IT'S SOMETHING YOU CAN'T LEARN IN SCHOOL – AT 8:11 A.M. ET: No question is asked more in politics today than "What happened to Barack Obama?" Michael Barone, one of our most astute observers, believes that the president simply lacks the "intuition" to govern. From the Washington Examiner:
No president enters office knowing everything he needs to know...
So presidents must rely on something else, something intangible and unquantifiable, in determining what is within the realm of possibility and what is a bridge too far: intuition.
Great leaders have it, though it sometimes fails; failed leaders don't, though their plans sometimes succeed...
...Barack Obama, so far, seems to belong in the second category. Like everyone who gets elected president, he entered office brimming with confidence, convinced he could end the hostility of the Iranian mullahs, Islamist terrorists, the leaders of China and Russia, and the likes of Hugo Chavez.

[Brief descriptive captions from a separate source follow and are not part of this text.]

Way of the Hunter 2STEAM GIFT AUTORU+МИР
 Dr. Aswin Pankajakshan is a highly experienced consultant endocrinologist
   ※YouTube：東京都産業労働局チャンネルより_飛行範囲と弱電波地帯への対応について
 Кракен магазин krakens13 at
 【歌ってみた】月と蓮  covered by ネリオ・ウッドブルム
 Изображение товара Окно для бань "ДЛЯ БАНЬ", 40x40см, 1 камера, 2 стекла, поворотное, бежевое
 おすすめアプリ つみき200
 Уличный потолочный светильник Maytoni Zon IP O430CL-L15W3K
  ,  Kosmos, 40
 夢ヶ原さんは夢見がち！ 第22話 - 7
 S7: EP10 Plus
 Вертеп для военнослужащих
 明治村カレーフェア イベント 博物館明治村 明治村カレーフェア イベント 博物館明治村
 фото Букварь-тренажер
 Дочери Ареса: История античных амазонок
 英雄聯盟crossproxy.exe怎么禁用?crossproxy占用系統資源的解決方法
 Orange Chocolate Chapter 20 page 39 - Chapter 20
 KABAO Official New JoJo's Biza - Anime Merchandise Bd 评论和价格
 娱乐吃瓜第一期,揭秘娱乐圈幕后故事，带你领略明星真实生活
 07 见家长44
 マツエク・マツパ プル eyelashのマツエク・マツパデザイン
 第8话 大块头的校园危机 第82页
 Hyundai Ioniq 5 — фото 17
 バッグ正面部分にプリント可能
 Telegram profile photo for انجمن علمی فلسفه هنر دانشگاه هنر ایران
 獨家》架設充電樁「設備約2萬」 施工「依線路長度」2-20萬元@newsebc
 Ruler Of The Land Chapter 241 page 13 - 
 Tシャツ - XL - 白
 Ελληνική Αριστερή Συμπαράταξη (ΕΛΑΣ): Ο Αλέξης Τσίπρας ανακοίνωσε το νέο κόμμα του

At least so far, that confidence has proved to be dreamy. Obama now knows their hostility was rooted not just in distaste for George W. Bush's Texas twang but to the fundamental character of the American people. A Muslim middle name hasn't made much difference.
And...
At home, Obama, like many others and not just in his own party, believed that economic distress would move Americans to favor government direction of the health care and energy sectors and to support sharply increased federal spending.
That intuition now seems unfounded. As does the intuition that the Senate would pass hugely important legislation on a party-line vote with not one vote to spare.
The intuition needed to whip up an already friendly crowd during a political campaign, and the intuition to govern are two different things. The mainstream media missed that, in part because many journalists today don't believe in intuition. They believe in elite educations as a kind of cure-all for the world's problems.
Having had the privilege of an "elite" education, I can testify that, while a fine thing to have, it doesn't cure anything.
Obama's two predecessors also suffered from failures of intuition. Bill Clinton recovered and got deserved credit for the 1996 welfare reform and the 1997 balanced-budget deal. George W. Bush recovered and deserves credit (though Joe Biden is claiming it now) for the success of the Iraq surge strategy.
Obama too may develop better intuition than he has shown so far. But first he has to acknowledge that a successful presidency requires more than the confidence conferred by a high IQ and fancy degrees.
COMMENT: Barone is on target again. Lincoln had only one year of schooling. FDR was called "featherduster" by some because he was seen as an intellectual lightweight. But both men had superb instincts.
So did Ronald Reagan, who understood the American people, unlike Jimmah Carter, his predecessor.
Again, I don't in any way disparage a fine education. We certainly put a great deal of emphasis on formal education for our daughters. But it just isn't enough, and too many members of our elite classes think it is.